- **Prompt**: Copy the records word for word. Pictures do not go in.

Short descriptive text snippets
+ + + +

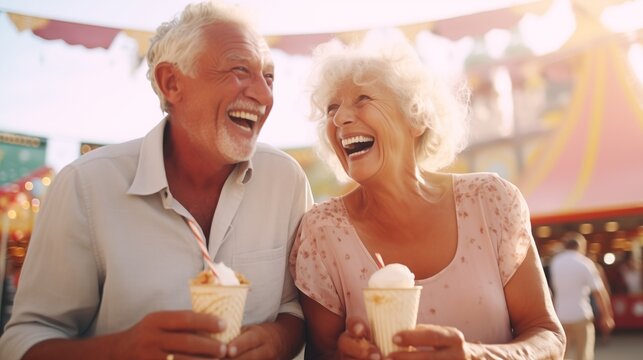 Beautiful sweet happy retired gray haired senior couple laughing, smiling, and eating ice cream in amusement park during festival.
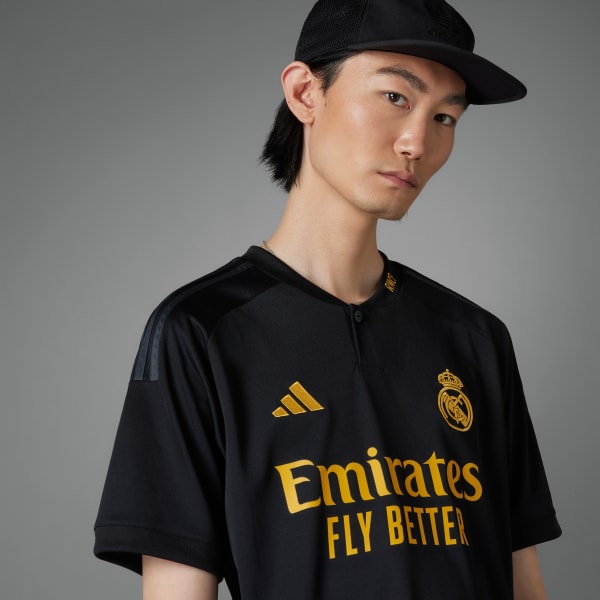 Camiseta adidas 3a Real Madrid Valverde niño 2023 2024 negra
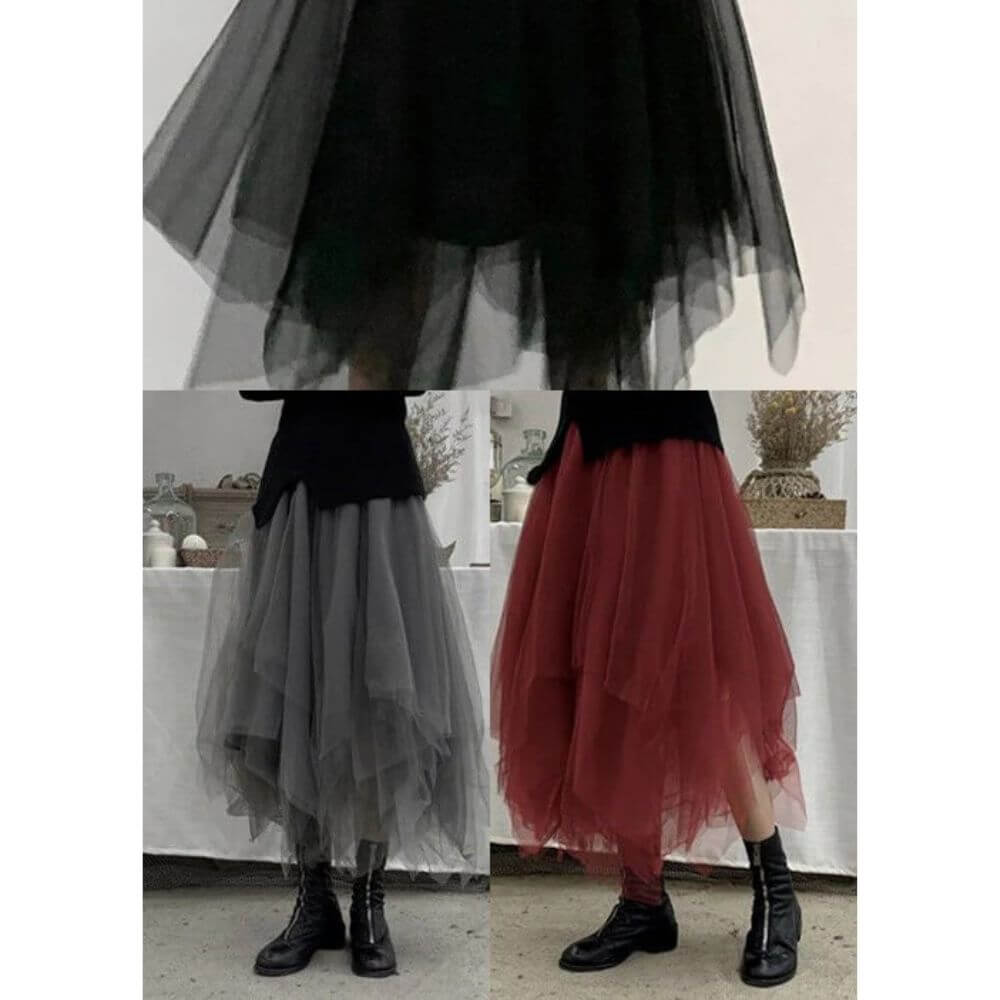 Asymmetrical Tulle Midi Skirt – Elegant Layered Skirt for Women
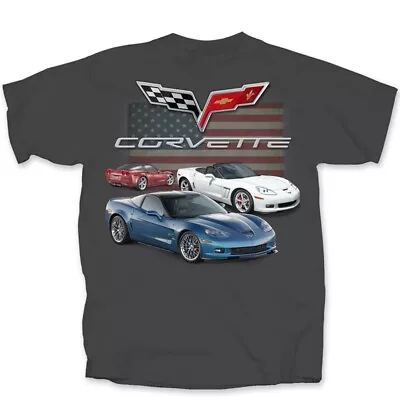 Chevy C-6 Corvette Stingray American Flag Gray T-Shirt • $28.99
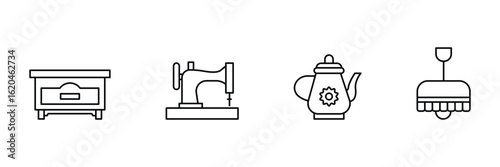 Vintage furniture appliance utility decorative household retro element icon vector illustration for interior antique design and nostalgic theme use.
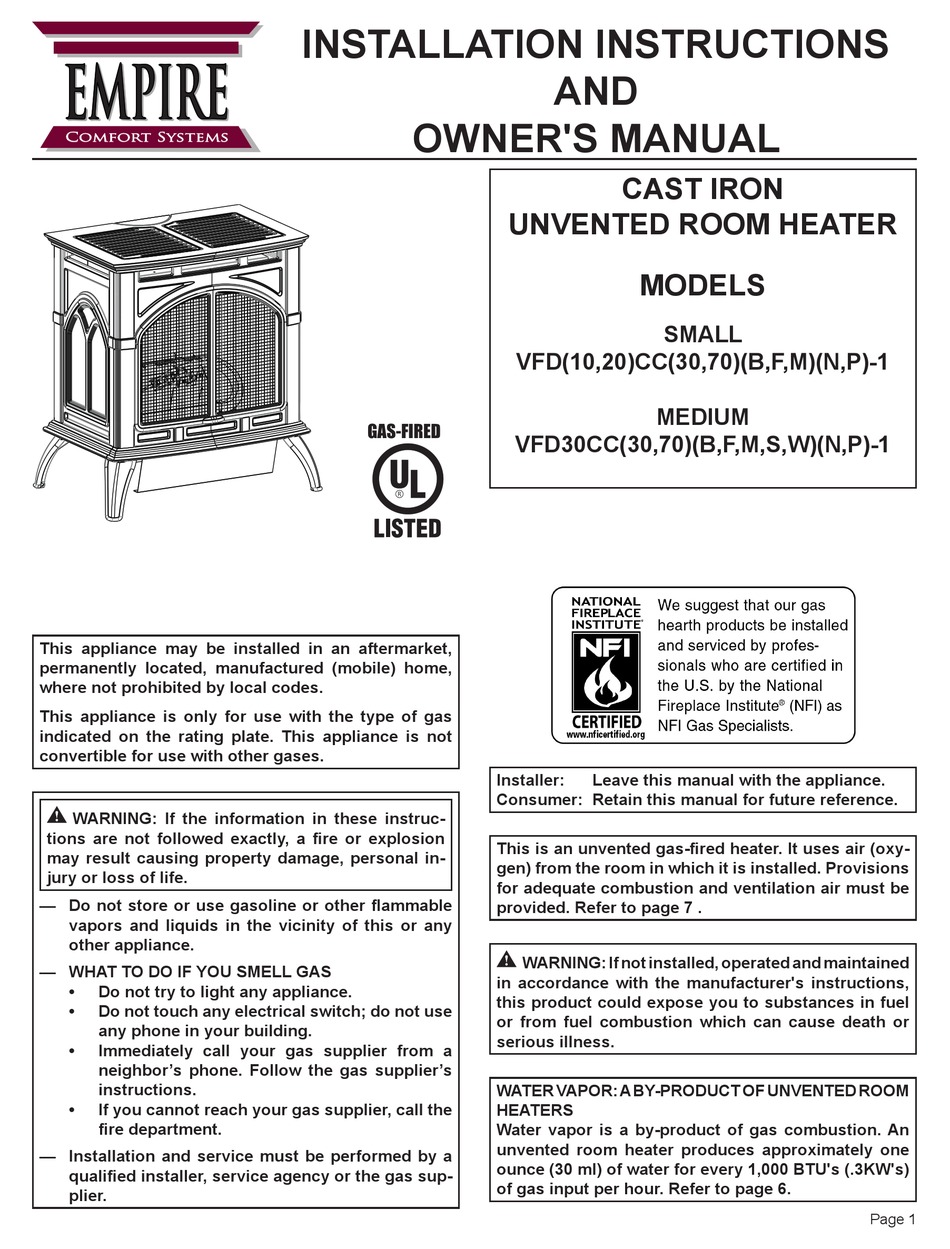 EMPIRE COMFORT SYSTEMS VFD10CC SERIES OWNER'S MANUAL Pdf Download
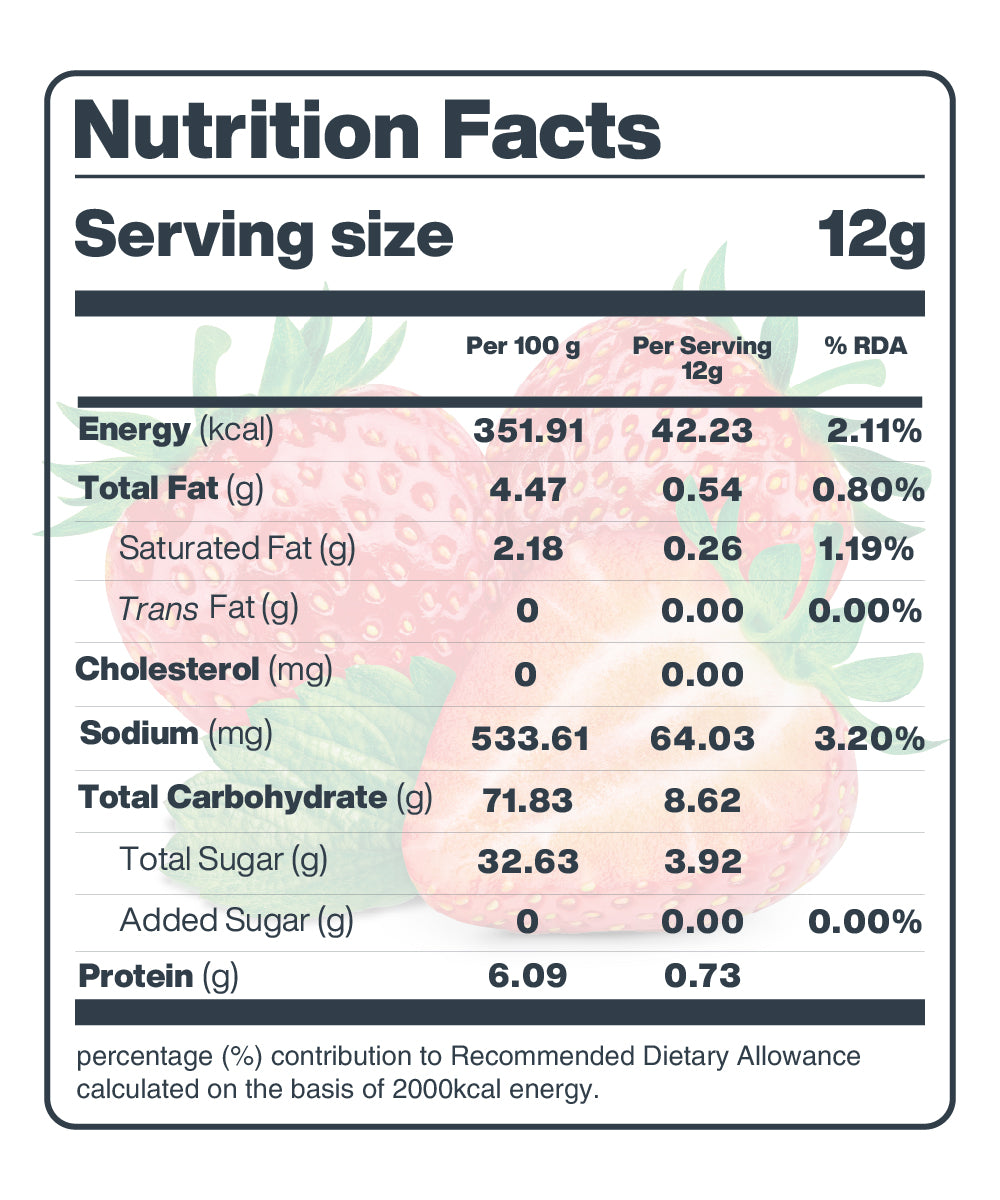 Nutrition facts label displaying caloric and nutrient information per serving and per 100 grams, including percentages of recommended dietary allowance (RDA) for Moon Freeze Cosmic Bulk Packs - Mega Hydrate Edition from MOONFREEZE FOODS PRIVATE LIMITED.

+ + + +

- **Result below**:
 Beautiful sweet happy retired gray haired senior couple laughing, smiling, and eating ice cream in amusement park during festival.
 Camiseta adidas 3a Real Madrid Valverde niño 2023 2024 negra
 Asymmetrical Tulle Midi Skirt – Elegant Layered Skirt for Women
 Chevy C-6 Corvette Stingray American Flag Gray T-Shirt • $28.99
 Vintage furniture appliance utility decorative household retro element icon vector illustration for interior antique design and nostalgic theme use.
 EMPIRE COMFORT SYSTEMS VFD10CC SERIES OWNER'S MANUAL Pdf Download
 Nutrition facts label displaying caloric and nutrient information per serving and per 100 grams, including percentages of recommended dietary allowance (RDA) for Moon Freeze Cosmic Bulk Packs - Mega Hydrate Edition from MOONFREEZE FOODS PRIVATE LIMITED.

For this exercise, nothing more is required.